[Opening COLLECTED DATA section]
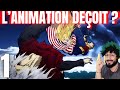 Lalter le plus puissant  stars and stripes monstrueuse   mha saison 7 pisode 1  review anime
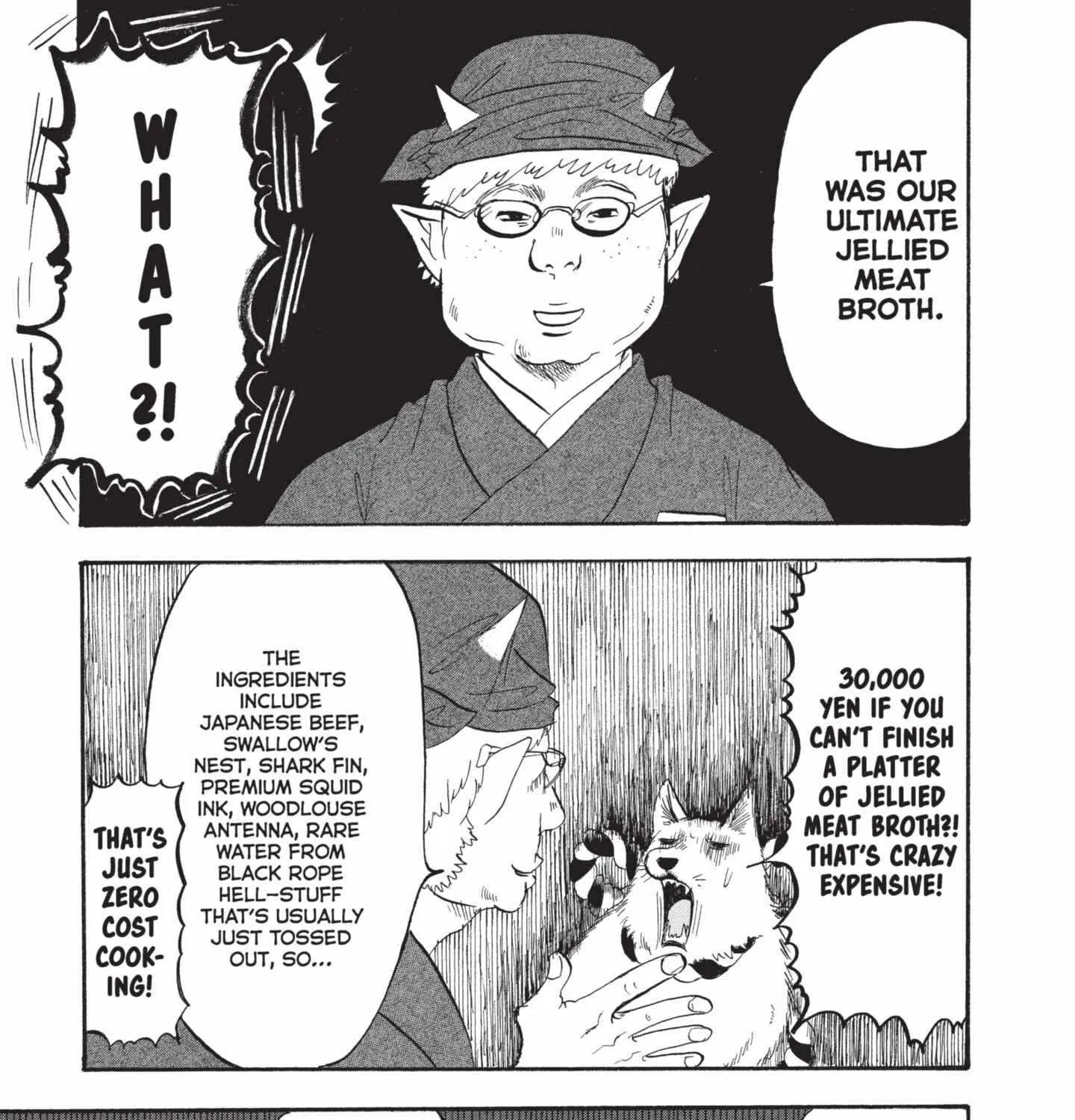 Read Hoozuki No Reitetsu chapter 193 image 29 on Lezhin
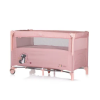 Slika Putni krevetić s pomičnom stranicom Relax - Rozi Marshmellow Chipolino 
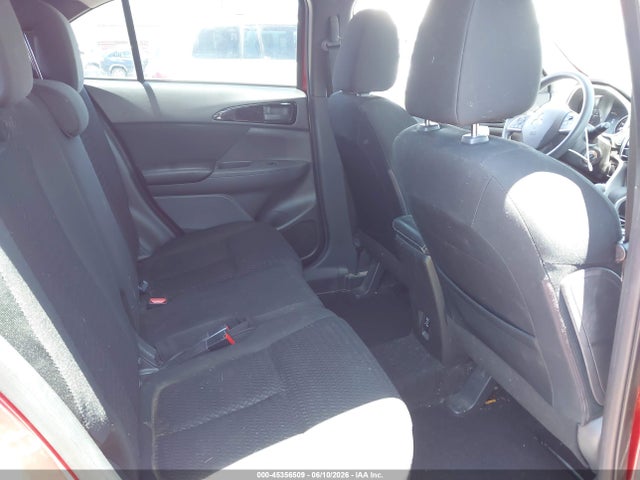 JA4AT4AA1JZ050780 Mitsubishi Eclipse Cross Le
[Closing COLLECTED DATA section]
» REQUIRED WORK:
The lines from the one that contains "Slika Putni krevetić" through the end of the data, repeated exactly and with no pictures, make up the whole answer.

» RESPONSE:
 Slika Putni krevetić s pomičnom stranicom Relax - Rozi Marshmellow Chipolino 
 JA4AT4AA1JZ050780 Mitsubishi Eclipse Cross Le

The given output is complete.